> _Data segment_:
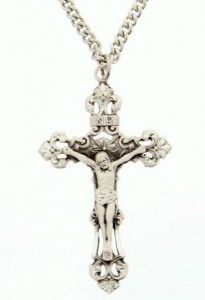 Crucifix Pendant, Sterling Silver [BL4708]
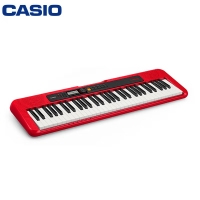 卡西欧（CASIO） 电子琴 CTS200 时尚便携潮玩儿童成人娱乐学习61键电子琴 红色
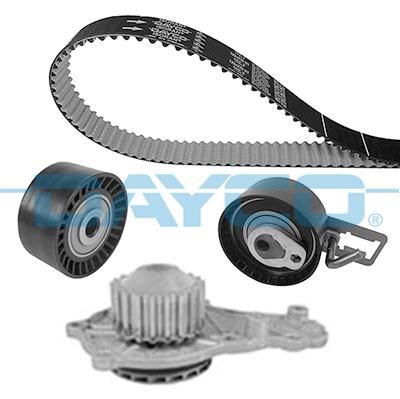 Dayco KTBWP8570 водяной насос + комплект зубчатого ремня на PEUGEOT 208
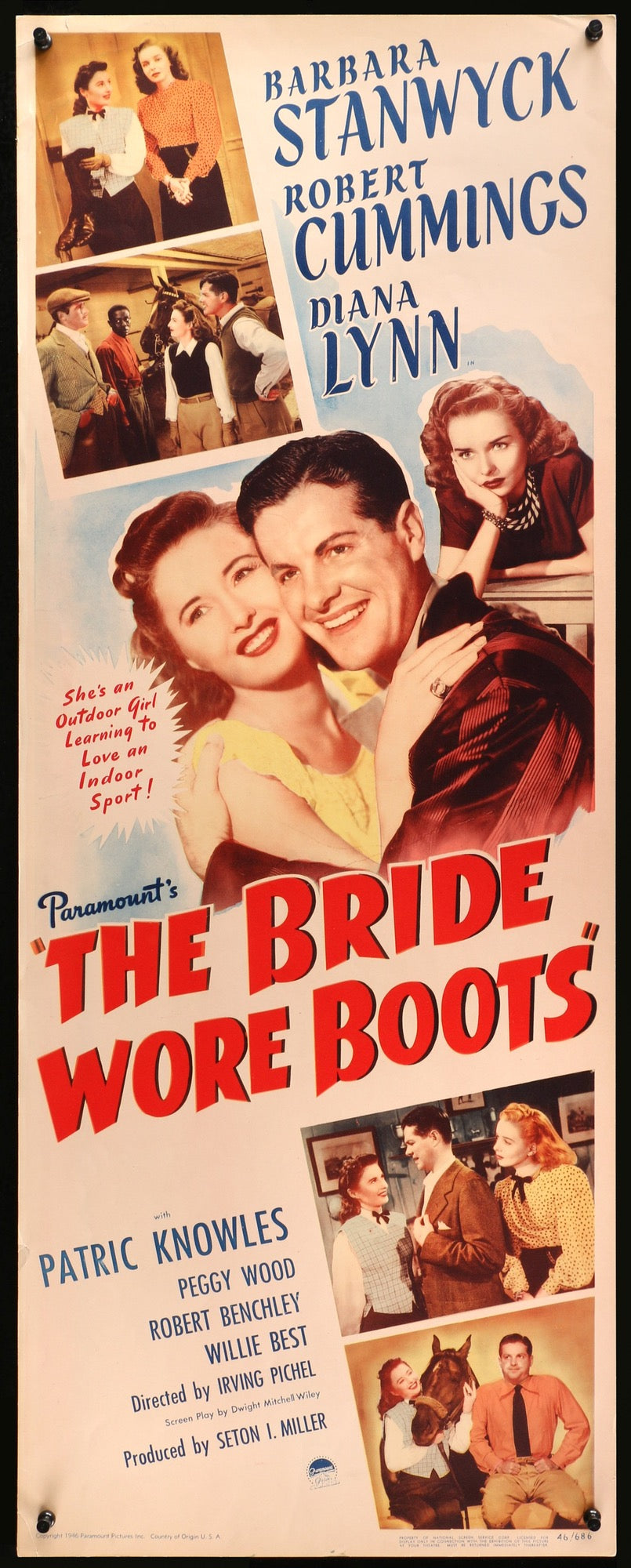 Bride Wore Boots (1946) original movie poster for sale at Originalfilmart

> _Instructions for the task_: Would you return all of the data above word for word, omitting every picture?

> _Response to the task_:
 Crucifix Pendant, Sterling Silver [BL4708]
 卡西欧（CASIO） 电子琴 CTS200 时尚便携潮玩儿童成人娱乐学习61键电子琴 红色
 Dayco KTBWP8570 водяной насос + комплект зубчатого ремня на PEUGEOT 208
 Bride Wore Boots (1946) original movie poster for sale at Originalfilmart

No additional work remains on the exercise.